Constant reading of Holy Scripture and continual prayer are also the means to obtain that the Precious Blood of Jesus will be poured out upon us, that Blood of which today’s epistle reminds us: If the blood of goats and of oxen, and the ashes of a heifer, being sprinkled, sanctify such as are defiled to the cleansing of the flesh: how much more shall the blood of Christ, who by the Holy Ghost offered Himself unspotted unto God, cleanse our conscience from dead works, to serve the living God?

So it is to the precious Blood of our Saviour that holy Mother Church turns our gaze as we are about to commence our ascent of Mount Calvary.  That Blood alone can save us. It alone can purify us. It is the Blood of the New and Eternal Covenant, which brings to an end all the ritual sacrifices of the Old Law, and which is renewed on our altars at each Holy Mass. It is the blood without which there is no forgiveness of sins, as St Paul expresses elsewhere in the epistle to the Hebrews. It is the blood that gives victory over demons, which gives courage to martyrs, purity to virgins, strength to confessors. It helps those in peril, gives relief to the burdened, consoles those in sorrow, gives strength to the dying and is the pledge of eternal life.
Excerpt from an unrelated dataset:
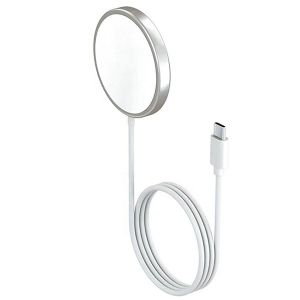 15W 3A Portable Wireless Charger Fast Charging Pad With USB C Cable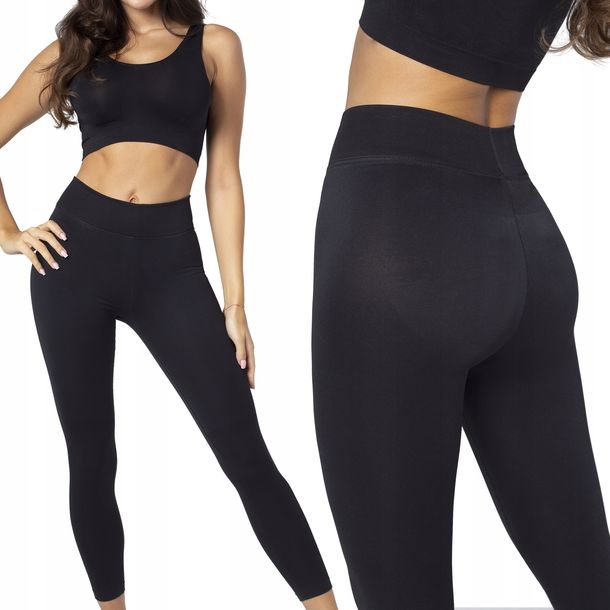 ﻿Gatta Fit Legginsy modelujące push up, czarne, M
Reading God’s word, praying continually for the Blood of Jesus to purify us, this leads us to the most perfect form of prayer which is the liturgy of the Church and the celebration of the sacraments. With Holy Week at our doorstep, recourse to the sacraments, especially the sacrament of penance or confession and that of the Holy Eucharist are the greatest means of salvation and perfection. Through penance, the Blood of Jesus purifies our soul of sin. Through Holy Communion that Blood is received to be the sweet delight and strength of our souls, that Blood which so moved St Therese in a well-known passage that it is good to meditate upon: “One Sunday, looking at a picture of our Lord on the Cross, I was struck by the blood flowing from one of the divine hands. I felt a great pang of sorrow when thinking this blood was falling to the ground without anyone’s hastening to gather it up. I was resolved to remain in spirit at the foot of the Cross and to receive the divine dew. I understood I was then to pour it out upon souls. The cry of Jesus on the Cross sounded continually in my heart: ‘I thirst!’ These words ignited within me an unknown and very living fire. I wanted to give my Beloved to drink and I felt myself consumed with a thirst for souls.”

In company then, with the saints and the whole Church, let us intensify our love for God’s word in Holy Scripture and our resolve to pray constantly so that the Blood of Jesus may purify us more and more and make us worthy of the eternal kingdom. Amen.